Durante los treinta y cinco años de su segundo encarcelamiento, Lebrun se había convertido en un gran experto acerca de Jesús, del Nuevo Testamento, del arameo y el griego, y de los papiros y los pergaminos. En 1949, gracias a su buen historial, su condición cambió de
relégué
(condenado a cadena perpetua) a
libéré
(liberado); es decir, que ya no tenía que permanecer dentro de la propia prisión sino que podía andar por los alrededores de la colonia penal. Al cambiar su uniforme listado de prisionero por la tosca indumentaria azul oscura del
libéré
, Lebrun se mudó a una casucha a orillas del río Maroni, a corta distancia de St. Laurent, y continuó sosteniéndose con la confección de chucherías y la falsificación de manuscritos. En 1953, cuando la colonia penal de la Guayana fue clausurada, los
relégués
fueron enviados de regreso a Francia para seguir purgando sus sentencias en prisiones federales, y Lebrun, junto con otros
libérés
, fue devuelto a Marsella a bordo del barco
Athesli
y al fin puesto en libertad sobre suelo francés.

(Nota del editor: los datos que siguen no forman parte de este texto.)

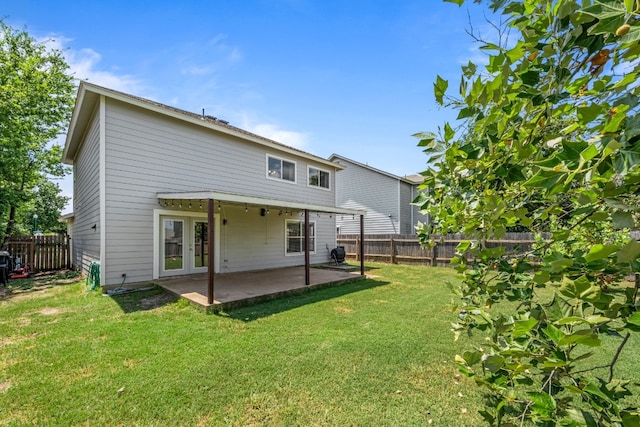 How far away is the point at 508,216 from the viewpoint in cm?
117

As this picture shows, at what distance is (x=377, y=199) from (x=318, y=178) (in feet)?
23.2

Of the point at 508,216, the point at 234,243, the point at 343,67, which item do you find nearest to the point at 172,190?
the point at 234,243

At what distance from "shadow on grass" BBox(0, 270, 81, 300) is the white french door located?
3.33 metres

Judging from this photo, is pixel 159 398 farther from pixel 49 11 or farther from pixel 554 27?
pixel 49 11

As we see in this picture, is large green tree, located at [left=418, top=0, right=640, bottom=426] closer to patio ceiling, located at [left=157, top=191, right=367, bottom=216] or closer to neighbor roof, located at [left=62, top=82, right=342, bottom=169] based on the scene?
patio ceiling, located at [left=157, top=191, right=367, bottom=216]

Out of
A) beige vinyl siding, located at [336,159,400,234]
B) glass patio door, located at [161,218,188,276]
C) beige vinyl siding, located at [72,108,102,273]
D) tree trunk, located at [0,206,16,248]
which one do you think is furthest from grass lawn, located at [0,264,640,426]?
beige vinyl siding, located at [336,159,400,234]

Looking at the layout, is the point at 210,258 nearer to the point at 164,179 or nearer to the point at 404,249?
the point at 164,179

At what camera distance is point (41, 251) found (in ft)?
38.2

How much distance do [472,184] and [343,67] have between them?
6766 mm

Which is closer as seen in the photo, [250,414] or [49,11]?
[250,414]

Fijando su hogar en París una vez más, Lebrun reanudó sus falsificaciones clandestinas de billetes de Banco y de pasaportes para obtener dinero con el cual sostenerse y adquirir los costosos materiales requeridos para perpetrar su largamente urdido fraude. Cuando estuvo preparado, le volvió la espalda a Francia para siempre. Luego de contrabandear a Italia un baúl repleto de materiales para falsificación, él mismo entró al país, buscó alojamiento en Roma y comenzó a crear su temible falsificación bíblica.

—Pero, ¿cómo pudo siquiera ocurrírsele la posibilidad de engañar a los estudiosos y a los teólogos? —quiso saber Randall—. Puedo comprender que usted llegara a aprender suficiente griego, pero me han dicho que el arameo es verdaderamente difícil, además de ser una lengua extinta…

—No del todo extinta —dijo Lebrun con una sonrisa—. Una cierta forma de arameo se habla aún hoy día entre musulmanes y cristianos en una zona fronteriza de Kurdistán. En cuanto a que el arameo sea, como usted dice, verdaderamente difícil… pues lo es, lo era, pero consagré cuatro décadas de mi vida a estudiarlo, mucho más tiempo del que jamás dediqué a aprender los refinamientos de mi natal francés. Estudiaba las publicaciones académicas de filología, etimología y lingüística, en las cuales aparecían artículos técnicos escritos por las principales autoridades, desde el abad Petropoulos, de Simopetra, hasta el doctor Jeffries, de Oxford. Estudié libros de texto, como el del alemán Franz Rosenthal,
Gramática del arameo bíblico
, que encontré en Wiesbaden. Y lo más importante de todo es que conseguí y estudié, en reproducciones (habiéndolas copiado a mano cientos de veces para que pudiera yo escribir el lenguaje con facilidad) los antiguos manuscritos arameos del Libro de Enoch, el Testamento de Levi y los Apócrifos del Génesis, todos los cuales existen hoy en día. Es una lengua difícil, en verdad, pero con aplicación la dominé.